All About Programming: Spark Streaming Programming Guide

Spark Streaming Programming Guide - Spark 1.1.1 Documentation

Discretized Streams (DStreams)
Discretized Stream or DStream is the basic abstraction provided by Spark Streaming. It represents a continuous stream of data, either the input data stream received from source, or the processed data stream generated by transforming the input stream. Internally, a DStream is represented by a continuous series of RDDs, which is Spark’s abstraction of an immutable, distributed dataset (see Spark Programming Guidefor more details). Each RDD in a DStream contains data from a certain interval, as shown in the following figure.

Input DStreams

Input DStreams are DStreams representing the stream of raw data received from streaming sources. Spark Streaming has two categories of streaming sources.

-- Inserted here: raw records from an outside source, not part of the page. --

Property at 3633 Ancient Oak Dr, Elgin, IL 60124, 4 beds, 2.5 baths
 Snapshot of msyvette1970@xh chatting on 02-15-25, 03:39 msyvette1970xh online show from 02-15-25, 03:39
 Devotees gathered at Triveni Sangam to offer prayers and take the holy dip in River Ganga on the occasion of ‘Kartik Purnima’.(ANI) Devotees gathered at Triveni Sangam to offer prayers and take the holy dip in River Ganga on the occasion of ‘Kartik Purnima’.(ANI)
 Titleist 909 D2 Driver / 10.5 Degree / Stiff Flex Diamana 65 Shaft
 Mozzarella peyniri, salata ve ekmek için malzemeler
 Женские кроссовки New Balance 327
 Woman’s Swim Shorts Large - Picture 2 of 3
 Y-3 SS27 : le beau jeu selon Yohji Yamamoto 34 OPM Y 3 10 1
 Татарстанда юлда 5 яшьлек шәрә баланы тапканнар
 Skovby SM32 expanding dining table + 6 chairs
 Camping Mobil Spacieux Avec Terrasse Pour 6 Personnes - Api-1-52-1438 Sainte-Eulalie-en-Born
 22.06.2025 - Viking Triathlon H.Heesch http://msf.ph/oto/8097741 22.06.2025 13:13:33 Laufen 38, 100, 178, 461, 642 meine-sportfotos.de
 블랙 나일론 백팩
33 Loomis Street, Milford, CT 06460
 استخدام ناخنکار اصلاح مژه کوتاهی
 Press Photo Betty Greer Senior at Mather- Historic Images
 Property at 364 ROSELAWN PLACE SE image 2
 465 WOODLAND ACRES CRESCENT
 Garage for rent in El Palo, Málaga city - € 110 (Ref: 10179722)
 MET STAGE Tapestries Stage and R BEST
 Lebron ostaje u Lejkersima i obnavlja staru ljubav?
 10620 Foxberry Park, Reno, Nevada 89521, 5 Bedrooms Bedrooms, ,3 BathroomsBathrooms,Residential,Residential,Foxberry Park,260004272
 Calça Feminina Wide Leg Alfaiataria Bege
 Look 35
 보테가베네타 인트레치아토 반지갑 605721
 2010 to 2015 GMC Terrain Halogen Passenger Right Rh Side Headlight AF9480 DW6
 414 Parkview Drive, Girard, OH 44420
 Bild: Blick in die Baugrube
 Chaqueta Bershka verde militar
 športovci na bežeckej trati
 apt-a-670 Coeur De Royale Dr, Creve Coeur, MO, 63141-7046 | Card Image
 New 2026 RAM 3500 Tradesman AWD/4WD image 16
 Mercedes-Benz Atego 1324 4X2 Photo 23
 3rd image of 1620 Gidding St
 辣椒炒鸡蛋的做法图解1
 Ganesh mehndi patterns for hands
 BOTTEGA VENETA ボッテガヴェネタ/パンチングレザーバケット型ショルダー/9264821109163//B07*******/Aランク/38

Basic sources: Sources directly available in the StreamingContext API. Example: file systems, socket connections, and Akka actors.
Advanced sources: Sources like Kafka, Flume, Kinesis, Twitter, etc. are available through extra utility classes. These require linking against extra dependencies as discussed in the linking section.

Every input DStream (except file stream) is associated with a single Receiver object which receives the data from a source and stores it in Spark’s memory for processing. So every input DStream receives a single stream of data. Note that in a streaming application, you can create multiple input DStreams to receive multiple streams of data in parallel.

val lines = ssc.socketTextStream("localhost", 9999)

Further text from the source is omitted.